::: Exercise materials :::

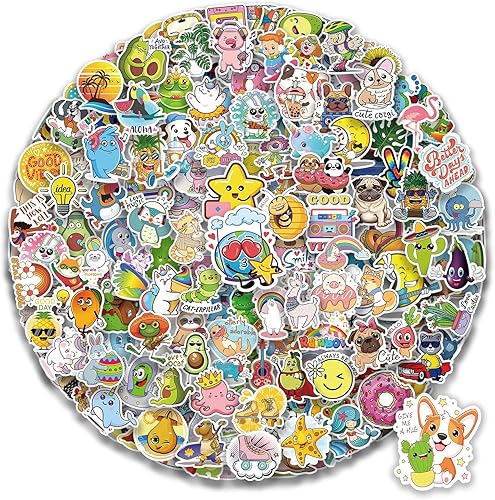 Miniatura 7 de BarrelTree - 250 calcomanías estéticas bohemias, lindas calcomanías impermeables de vinilo para botellas de agua, laptop, teléfono, diario, álbum de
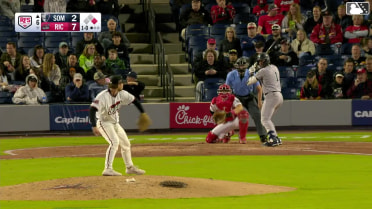 Jace Avina homers (2) on a fly ball to left center field. George Lombard Jr. scores.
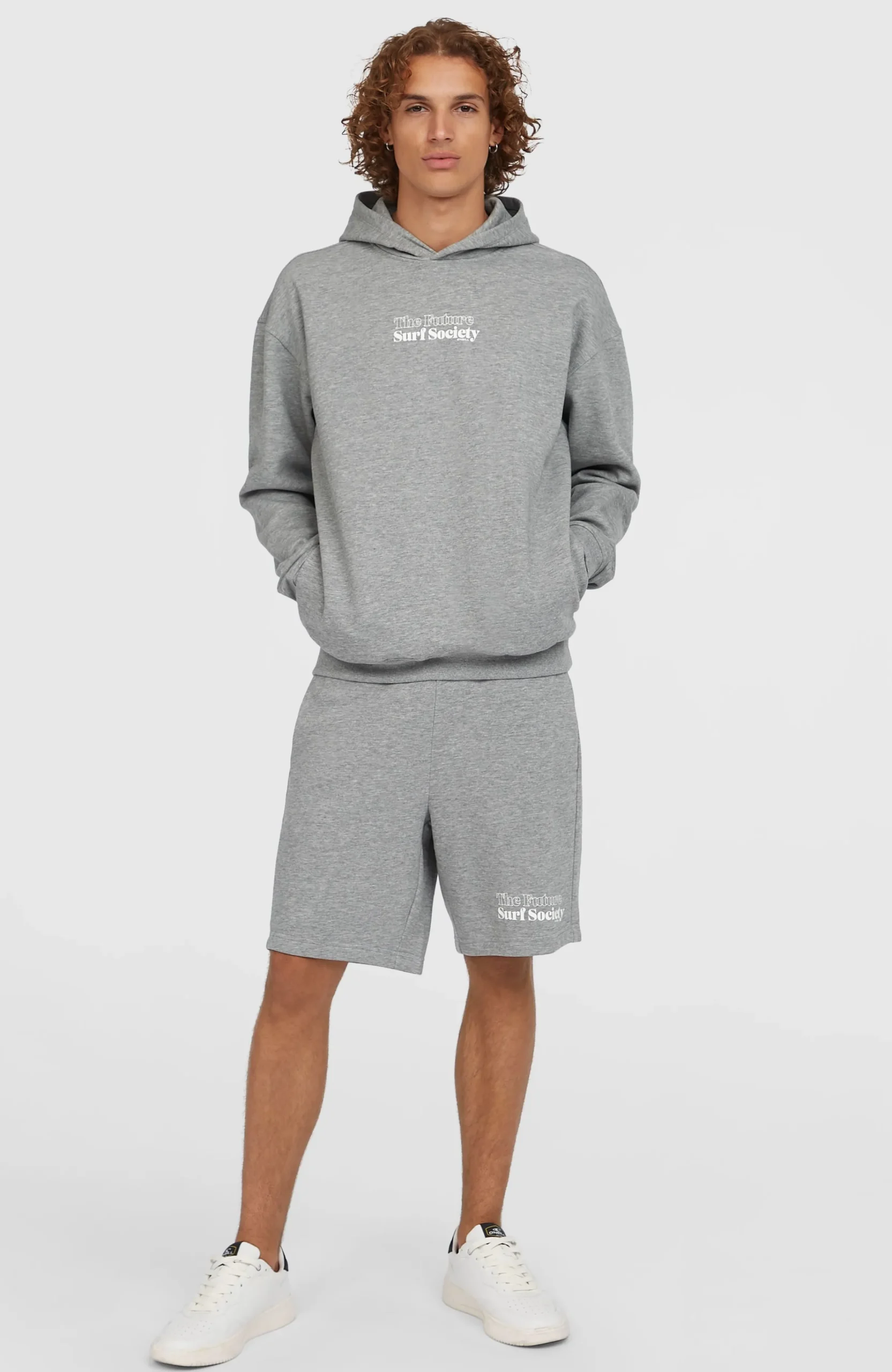 Homme O'Neill Sweats & Pulls|Protection Anti-Uv-HommesSweat à capuche Future Surf Society| Gris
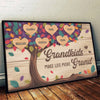 A Garden Of Love Grows In A Grandma's Heart - Family Personalized Custom Horizontal Poster - Gift For Grandma, Grandpa, Grandkid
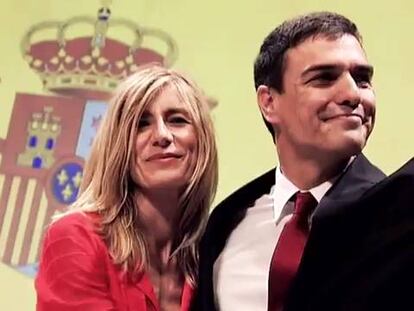 El líder del PSOE, Pedro Sánchez, sobre el uso de la bandera de España.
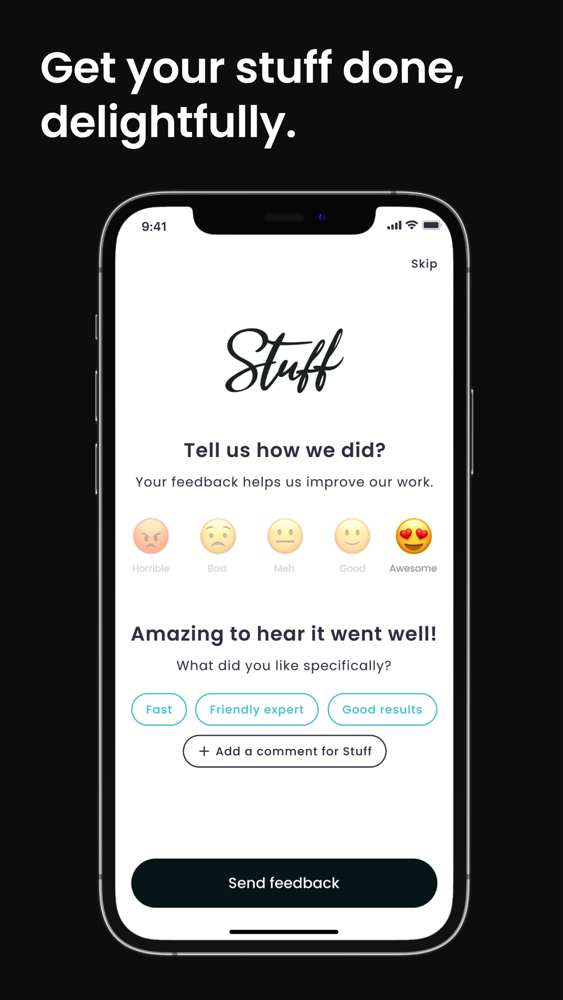 Stuff® - Personal Assistant Plakat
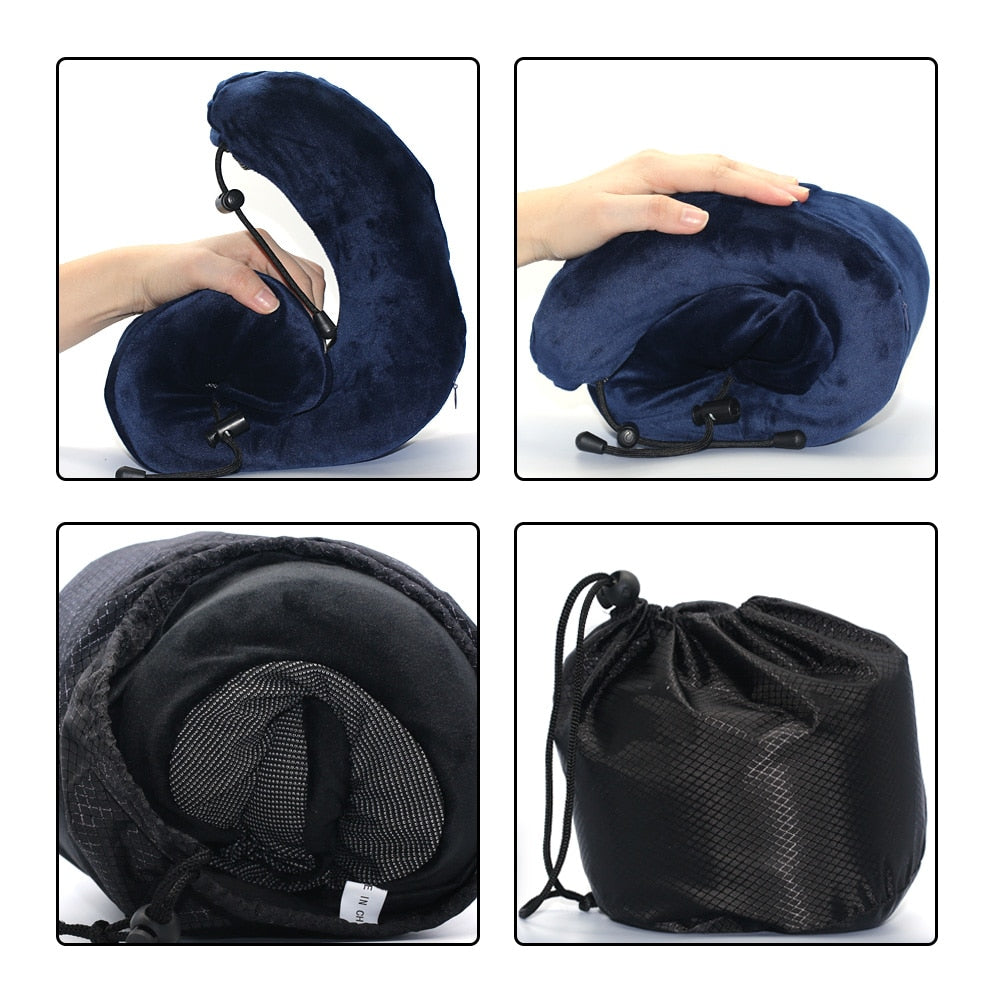 U Shaped Soft Memory Foam Neck Pillows 30*28*14 CM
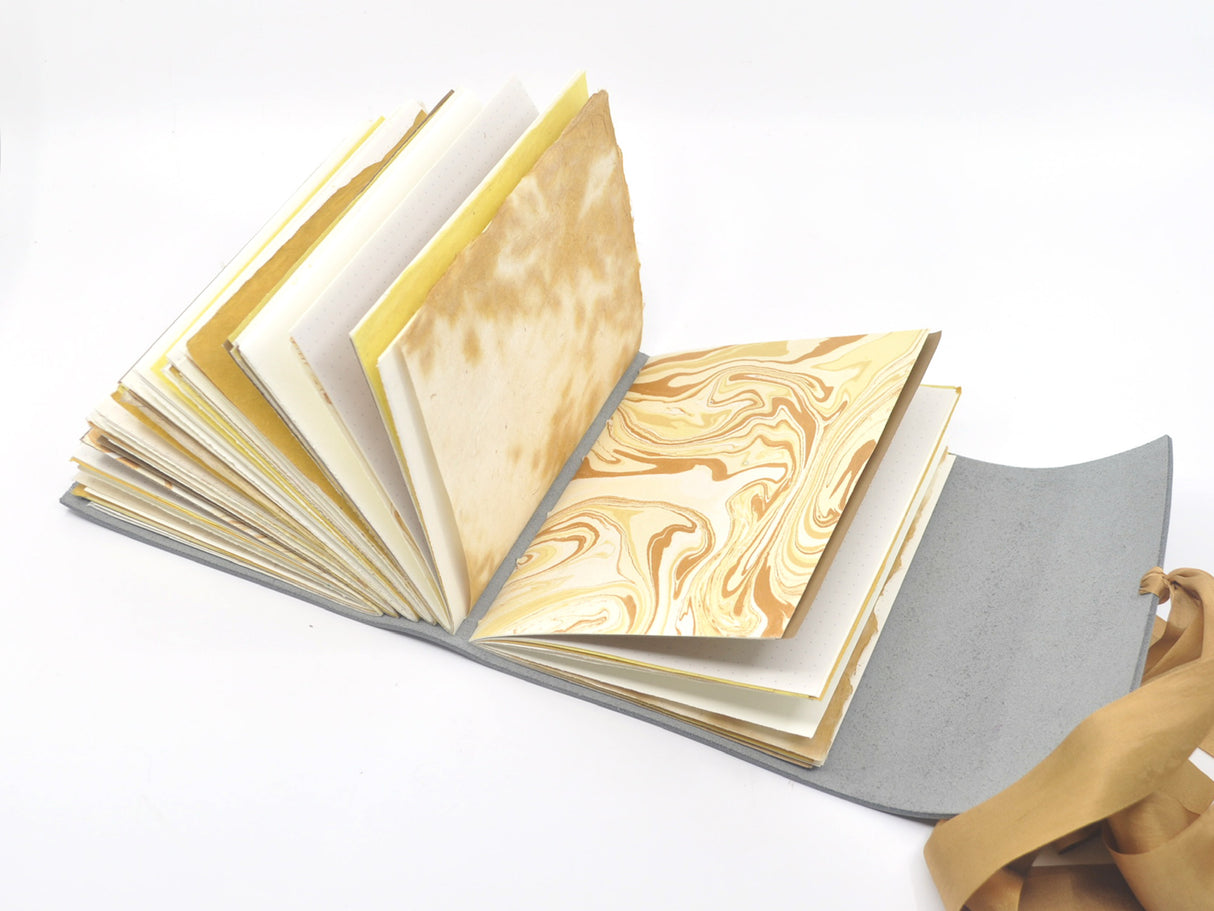 Golden One of a Kind Leather Journal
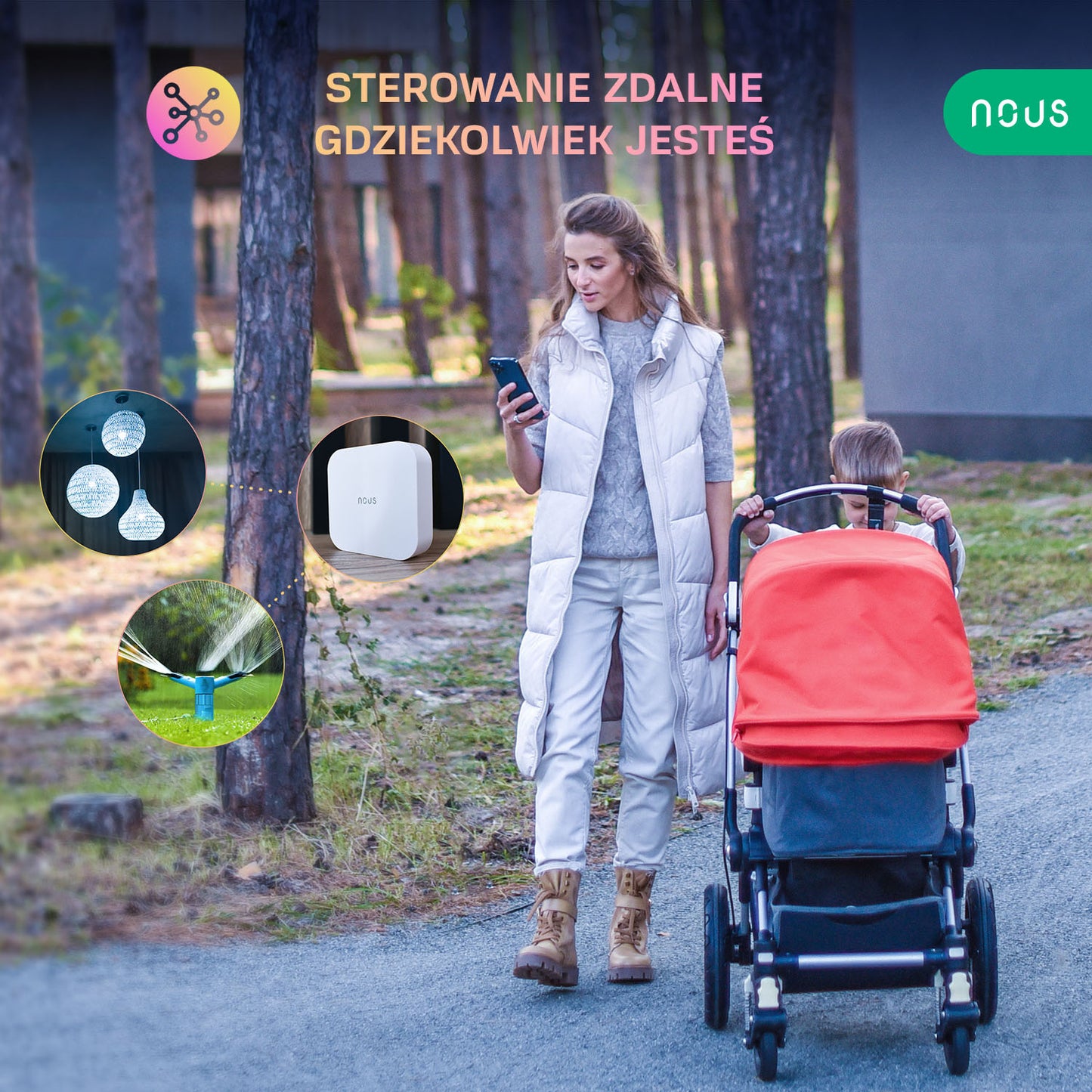 Inteligentna bramka ZigBee Nous LAN NOUS E7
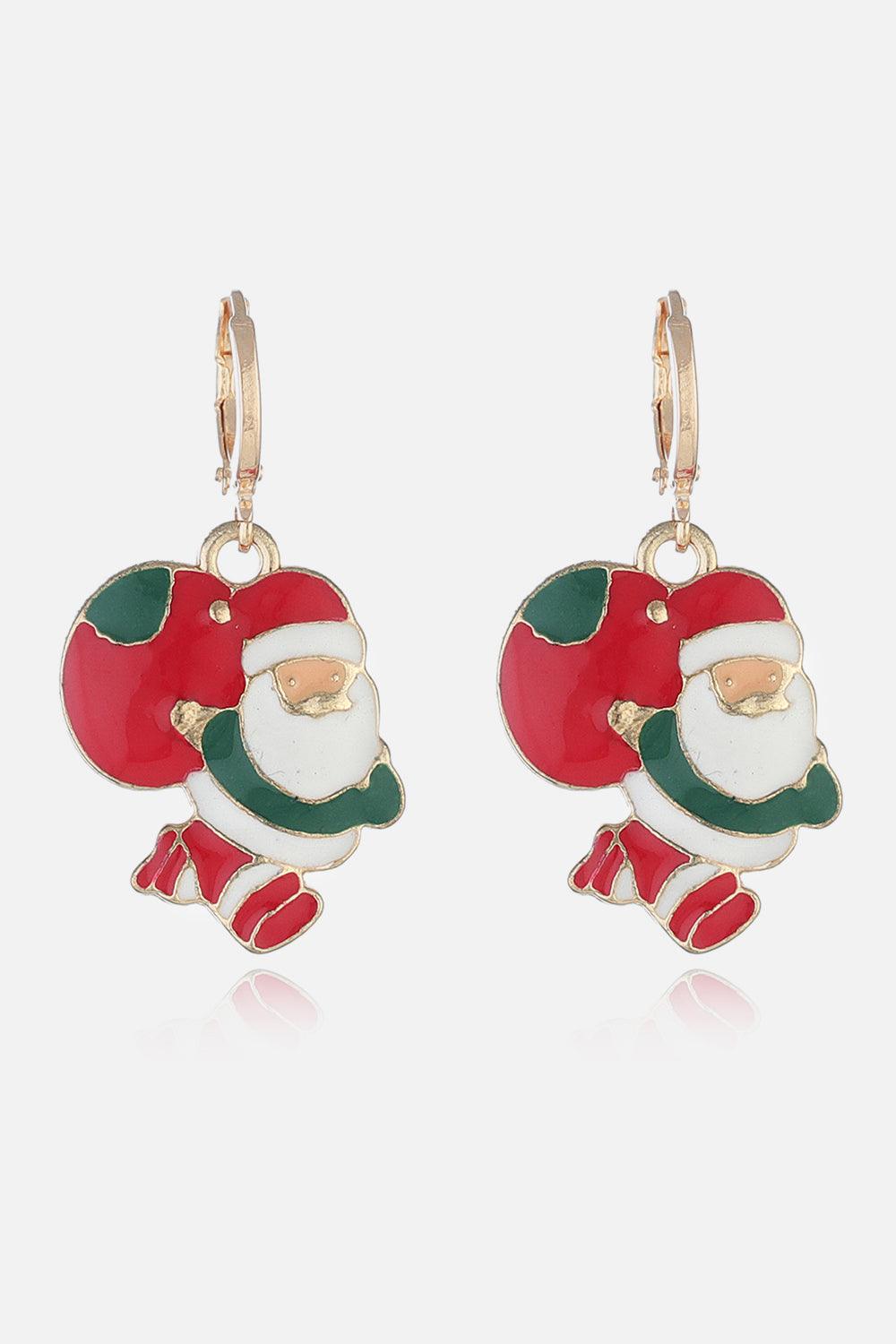 Christmas Theme Alloy Earrings Style F One Size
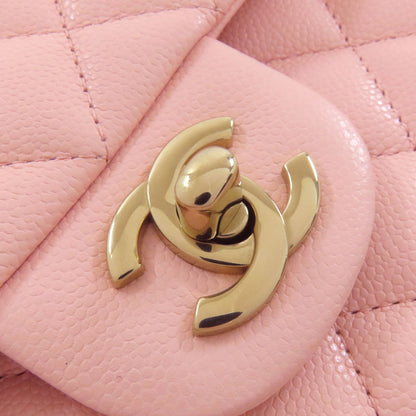 CHANEL シャネル マトラッセ ダブルフラップ ゴールド金具 ショルダーバッグ グレインド カーフスキン レディース 中古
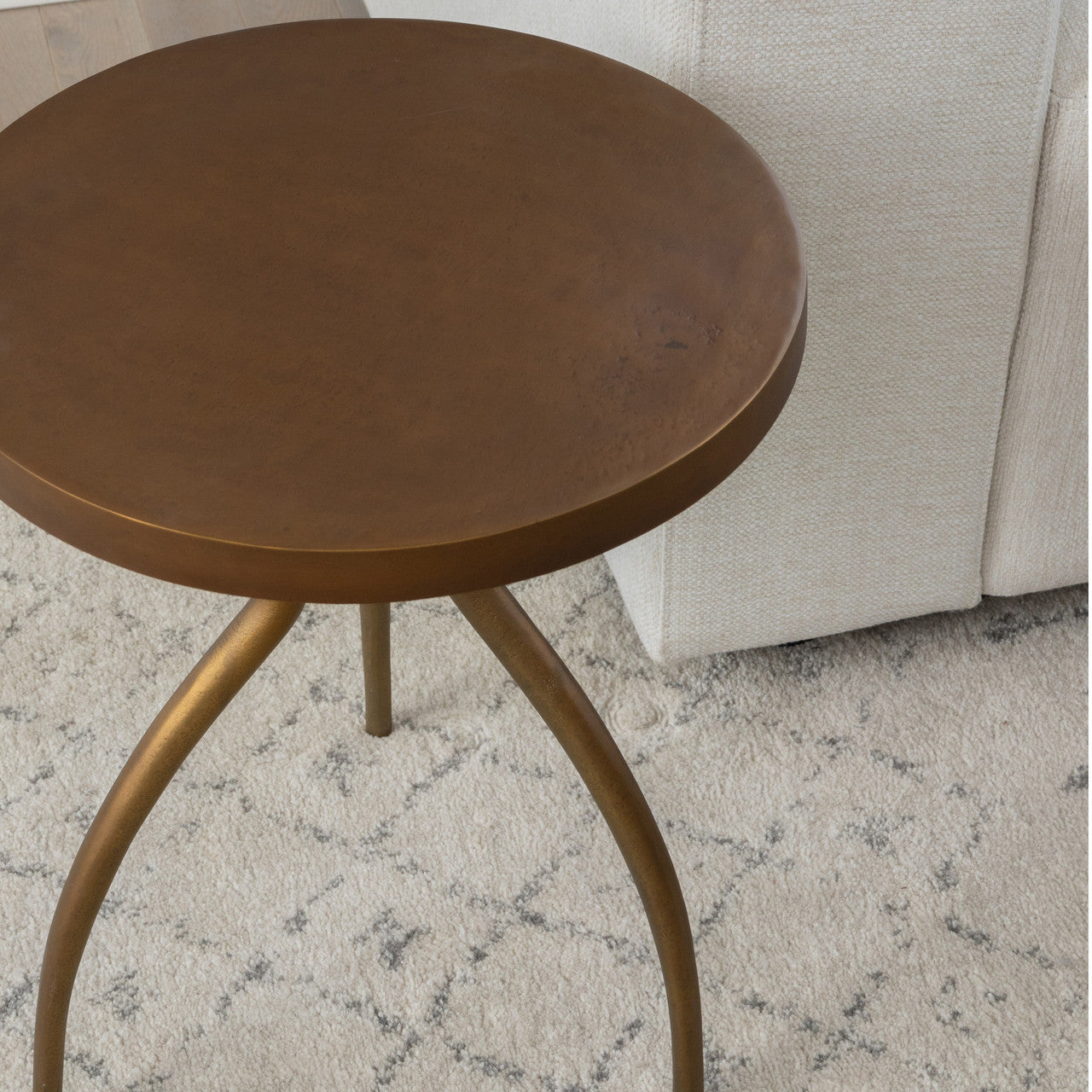 Elements - Sarp - End Table - Antique Brass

:::

__What you have to do__.
Pictures excluded, output exactly the line that contains "CHANEL シャネル マトラッセ" and every line after it to the end of the data above.

__Solved problem__.
 CHANEL シャネル マトラッセ ダブルフラップ ゴールド金具 ショルダーバッグ グレインド カーフスキン レディース 中古
 Elements - Sarp - End Table - Antique Brass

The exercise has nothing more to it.